At the population level, Mazza Gingival Index (P<0.001) and gingival bleeding (P=0.026) were significantly higher during EG (mean gingival bleeding 26.00±9.59 and Mazza Gingival Index 2.12±0.48) than during NG (mean gingival bleeding 13.5±5.12 and Mazza Gingival Index 1.61±0.24) based on paired t-tests. Furthermore, for individual subjects, clinical parameters between NG and EG were significantly correlated. Parameters that were significantly correlated between the two time points in the same subjects included gingival bleeding (Pearson’s correlation: r=0.31, P=0.03) and Mazza Gingival Index (Pearson’s correlation: r=0.35, P=0.01).

We have previously shown that plaque microbiota changed more during gingivitis than did the salivary microbiota (Huang et al., 2011). Therefore, to trace the structural and functional dynamics of the bacterial community during gingivitis retrogression and progression, we started by sequencing 16S rRNA gene amplicons from 150 plaque samples (one sample each during NG, baseline and EG for each of the 50 subjects), averaging 7293 sequences per sample (Supplementary Table S1).
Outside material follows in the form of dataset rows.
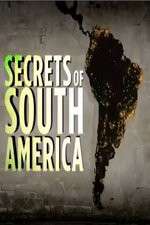 Watch Secrets Of South America M4ufree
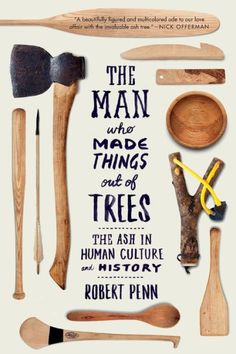 The story of how one man cut down a single tree to see how many things could be made from it.   | Author: Robert Penn| Publisher: W. W. Norton & Company| Publication Date: Jul 25, 2017| Number of Pages: 256 pages| Language: English| Binding: Paperback/Crafts & Hobbies| ISBN-10: 0393354121| ISBN-13: 9780393354126 Norwegian Wood, Natural Building, Penguin Books, Survival Prepping, Woodworking Techniques, Emergency Preparedness, Survival Skills, Bushcraft, Spoons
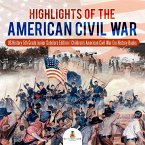 Highlights of the American Civil War   US History 5th Grade Junior Scholars Edition   Children's American Civil War Era History Books (eBook, ePUB)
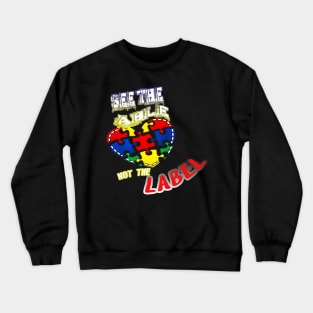 Autism Awareness T-ShirtAutism Awareness See The Able Not The Labe Crewneck Sweatshirt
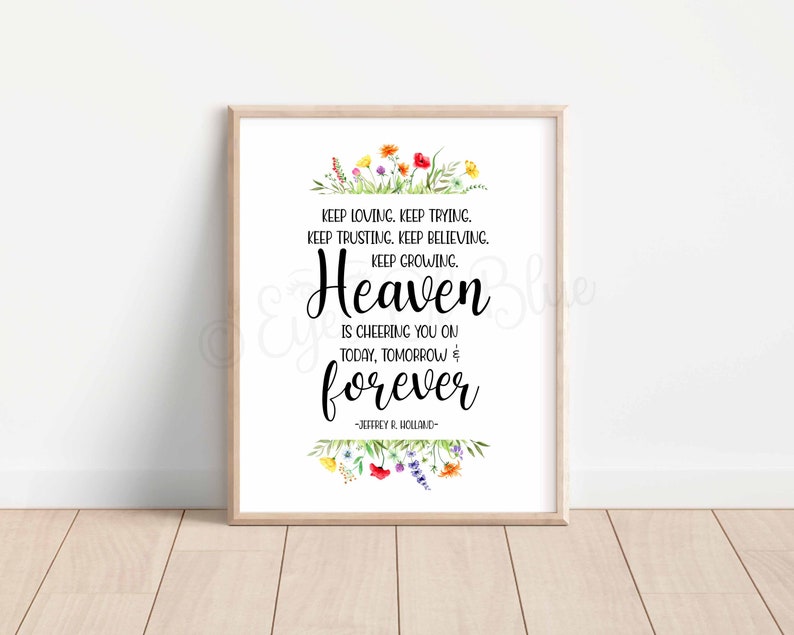 Heaven is Cheering You on Jeffrey R. Holland Quote LDS - Etsy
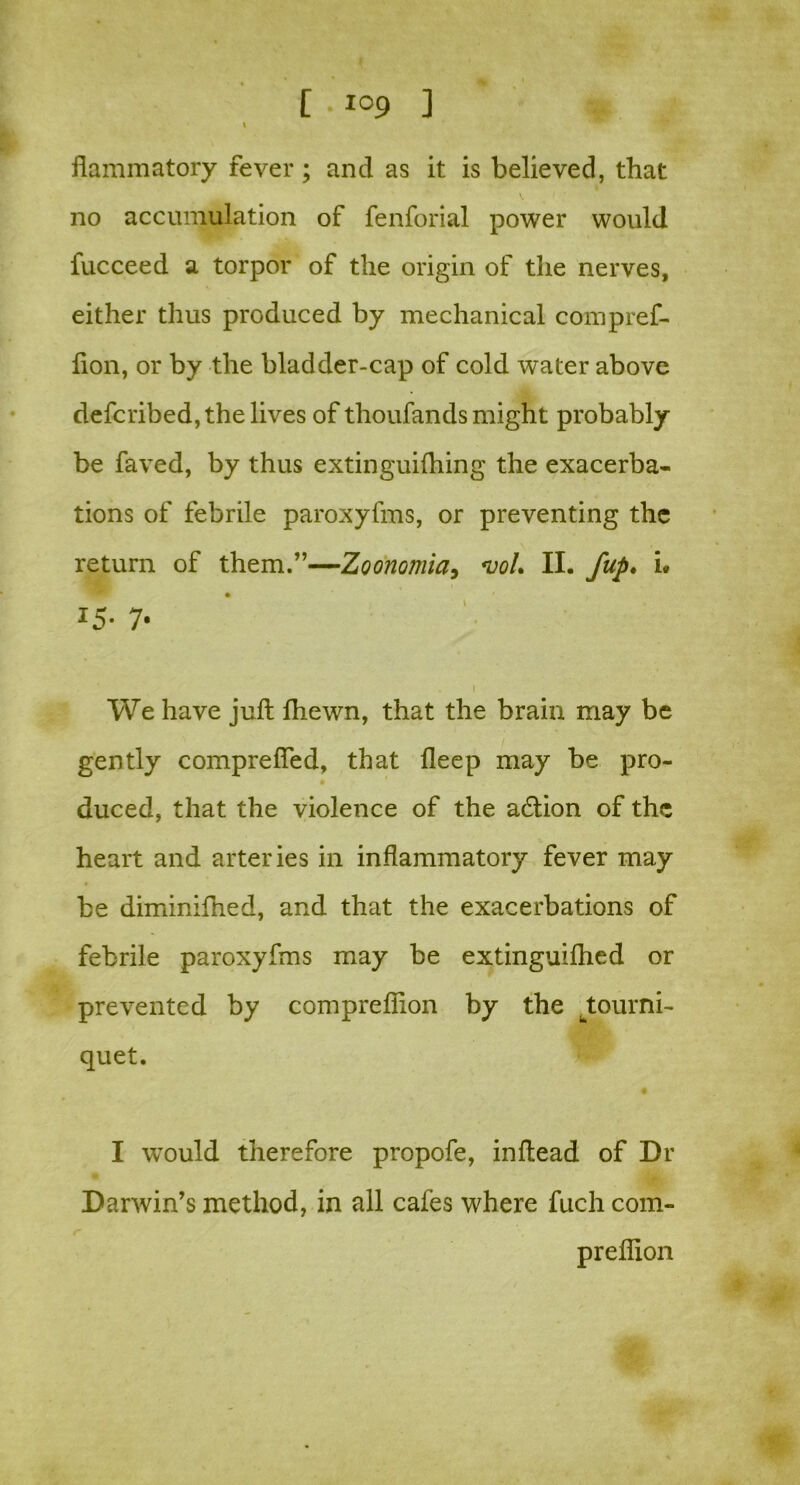 I flammatory fever; and as it is believed, that no accumulation of fenforial power would fucceed a torpor of the origin of the nerves, either thus produced by mechanical compref- fion, or by the bladder-cap of cold water above defcribed, the lives of thoufands might probably be faved, by thus extinguifhing the exacerba- tions of febrile paroxyfms, or preventing the return of them.”—Zoonomia, *voL II. fup. i. *5- 7- . i We have juft fhewn, that the brain may be gently comprefied, that deep may be pro- duced, that the violence of the adlion of the heart and arteries in inflammatory fever may be diminifned, and that the exacerbations of febrile paroxyfms may be extinguifhed or prevented by compreffion by the wtourni- quet. I would therefore propofe, inftead of Dr Darwin’s method, in all cafes where fuch com- preffion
The oral microbiota is profoundly altered during the retrogression–progression model

For each of the 150 plaque microbiota, bacterial phyla, genera and species were identified and their relative abundance quantified via taxonomic assignment against reference databases. At the phylum level, nearly all sequences were from 13 bacterial phyla, including 6 predominant bacterial phyla commonly encountered in the oral cavity: Firmicutes, Proteobacteria, Bacteroidetes, Actinobacteria, Fusobacteria and TM7 (each with average relative abundance >1% at least one time point) (Supplementary Figure S1A). Between the gingivitis states (NG and EG) and the healthy gingival state (baseline), significant difference (P<0.05; paired t-test) was found in five predominant phyla: Actinobacteria, Firmicutes, TM7, Bacteroidetes and Fusobacteria. A temporal shift of community structure along the progression from NG to baseline to EG was apparent, characterized by the elevated relative abundance of Actinobacteria and Firmicutes at baseline, and that of TM7, Bacteroidetes and Fusobacteria during NG and EG (Supplementary Figure S1A).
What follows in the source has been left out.